The Journal of Peer Production - New perspectives on the implications of peer production for social change New perspectives on the implications of peer production for social change
Signals (In situ, 3D printed heritage souvenirs) image

Signals are an important part of the CSPP peer review process. They are intended to widen the scope of publishable articles by placing the reputational cost of publication on authors rather than on the journal.
Please note:
Positive signal = 1, negative signal = 0, positive/negative signal = 0.5

Only signals marked with a “*” are used to calculate the JoPP Signal (on the peer reviewed paper pages).

Objective categories

Activist: 0/2

Article proposes a critique of a policy or practice with specific action proposals or suggestions.

Academic: 2/2*

Article follows conventions of academic research article ­­ e.g. position in literature, cited sources, and claimed contribution.

Prospective: 0/2

Article is based on developments that have not yet occurred.

Formalised: 0/2

Article is based on formal logic or mathematical technique.

Language quality: 1/2*

Standard of English expression in article is excellent.

Subjective categories

Scope of debate: 1/2

Article addresses an issue which is widely known and debated: yes / no

Comprehensiveness: 1.5/2*

Most related sources are mentioned in article [this is an invitation to careful selection rather than a demonstration of prowess in citation collection ­­ i.e. apt and representative choices made in source citations].

Logical flow: 2/2*

Ideas are well organised in article.

Originality: 0.5/2*

The argument presented in article is new.

Review impact 1.5/2

The article has been significantly changed as a result of the review process yes/no


Reviewer A

The paper has been much improved since the review.
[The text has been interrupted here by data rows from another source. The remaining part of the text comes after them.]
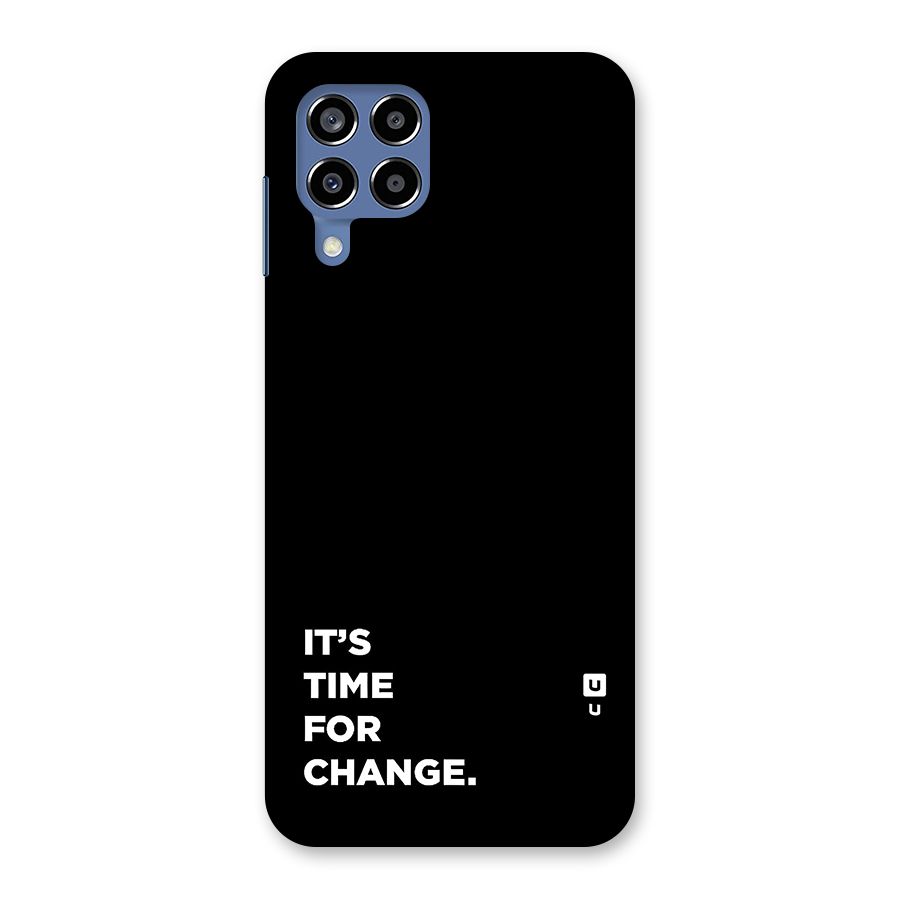 Its Time For Change Back Case for Galaxy M53 5G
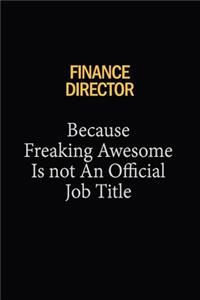 Finance Director Because Freaking Awesome Is Not An Official Job Title
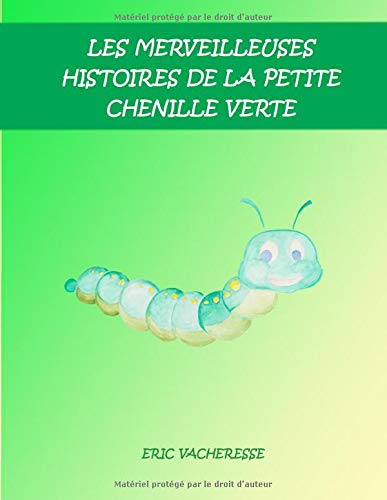 Amazon Fr Les Merveilleuses Histoires De La Petite Chenille Verte Vacheresse Eric Livres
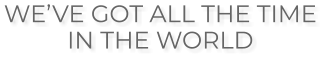 WE’VE GOT ALL THE TIME  IN THE WORLD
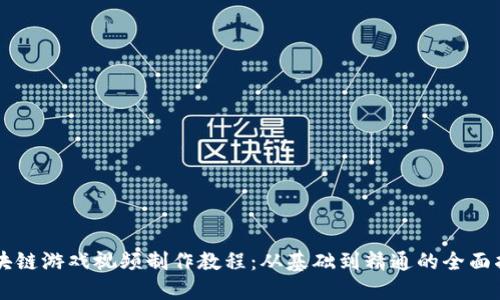区块链游戏视频制作教程：从基础到精通的全面指南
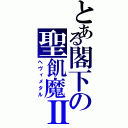 とある閣下の聖飢魔Ⅱ（ヘヴィメタル）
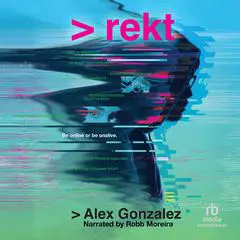 rekt Audibook, by Alex Gonzalez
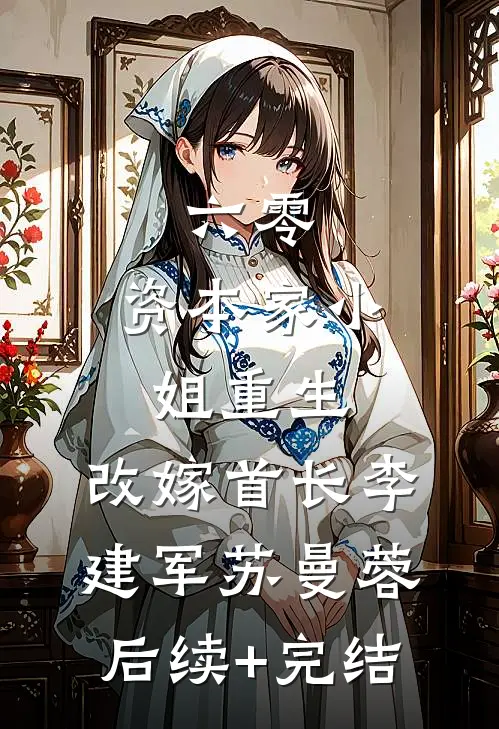 六零：资本家小姐重生，改嫁首长李建军苏曼蓉后续+完结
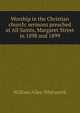 Worship in the Christian church: sermons preached at All Saints, Margaret Street in 1898 and 1899, William Allen Whitworth 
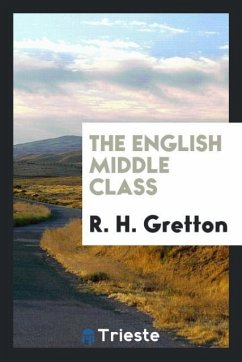 The English middle class - Gretton, R. H.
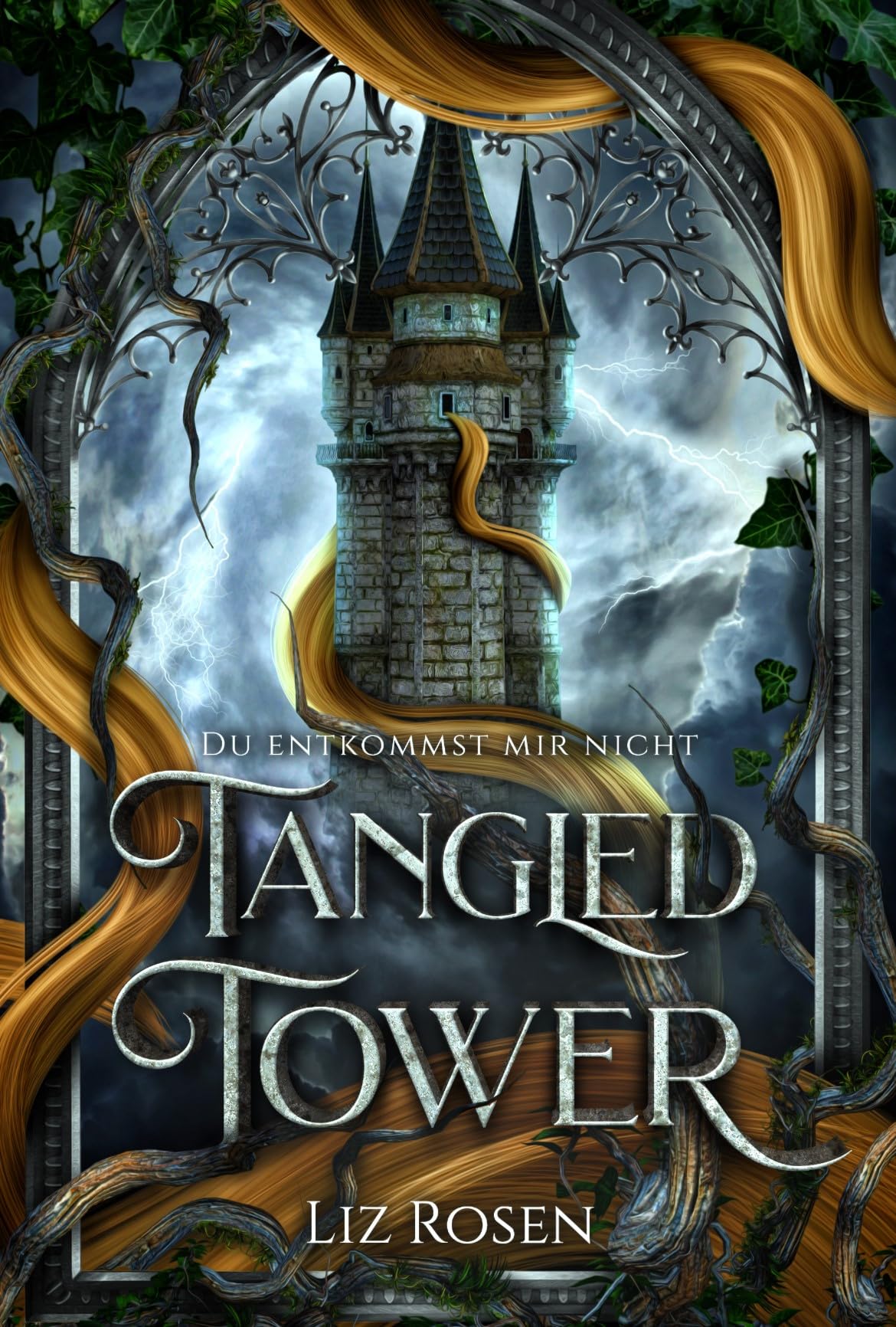 Tangled Tower: Du entkommst mir nicht I Mit wunderschönem limitierten Farbschnitt: Du entkommst mir nicht | Mit wunderschönem limitierten Farbschnitt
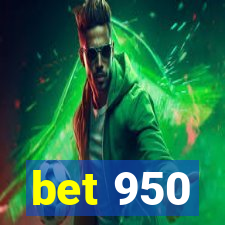 bet 950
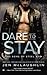 Dare to Stay (The Sons of Steel Row, #2)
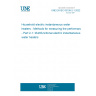 UNE EN IEC 63159-2-1:2022 Household electric instantaneous water heaters - Methods for measuring the performance - Part 2-1: Multifunctional electric instantaneous water heaters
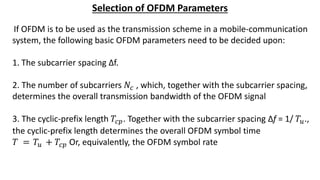 Selection of OFDM Parameters
In summary, the following three design criteria can be identified:
𝑇𝐶𝑃 ≥ 𝑇𝑑 To prevent ISI,
𝑓...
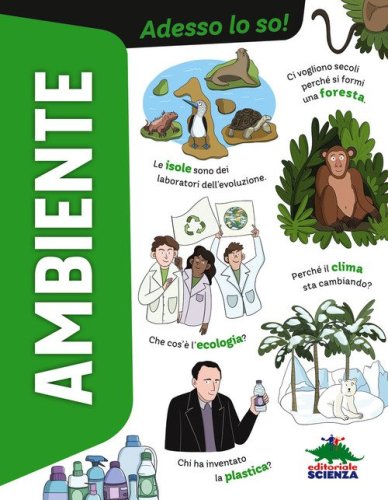 Ambiente. Adesso lo so!
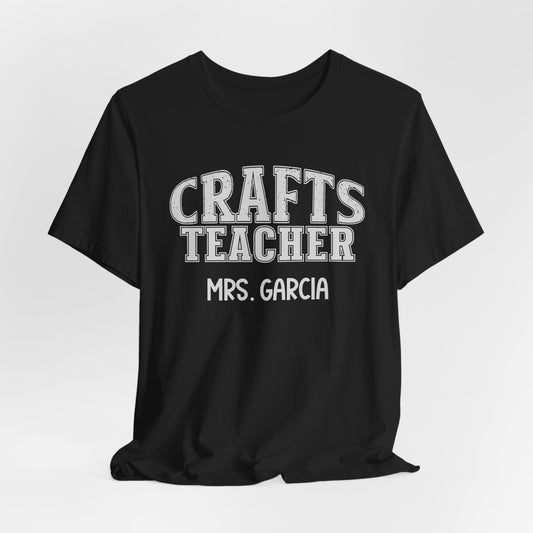 Custom Unisex Crafts Teacher T-Shirt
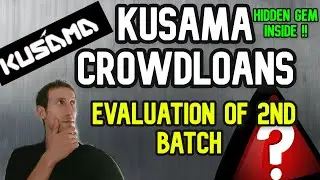 Kusama Crowdloans 2nd Batch | Hidden Gem Revealed !!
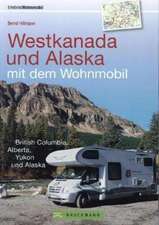 Hiltmann, B: Westkanada und Alaska mit dem Wohnmobil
It presents an interesting argument for co-production of artefacts and the impact of co-production on perceived and actual value of objects. There is a clear position in existing literature, the study presents reasonable evidence for the insights it claims, and shows a realistic view on its limitations.

Reviewer B

The article explores how maker practices can be incorporated in heritage institutions. The authors present an interesting study of how 3D printed souvenirs may complement visitors’ heritage experience. Their insights are especially relevant for heritage practitioners and museums’ audience development. The paper has been thoroughly revised and improved as a result of the review process.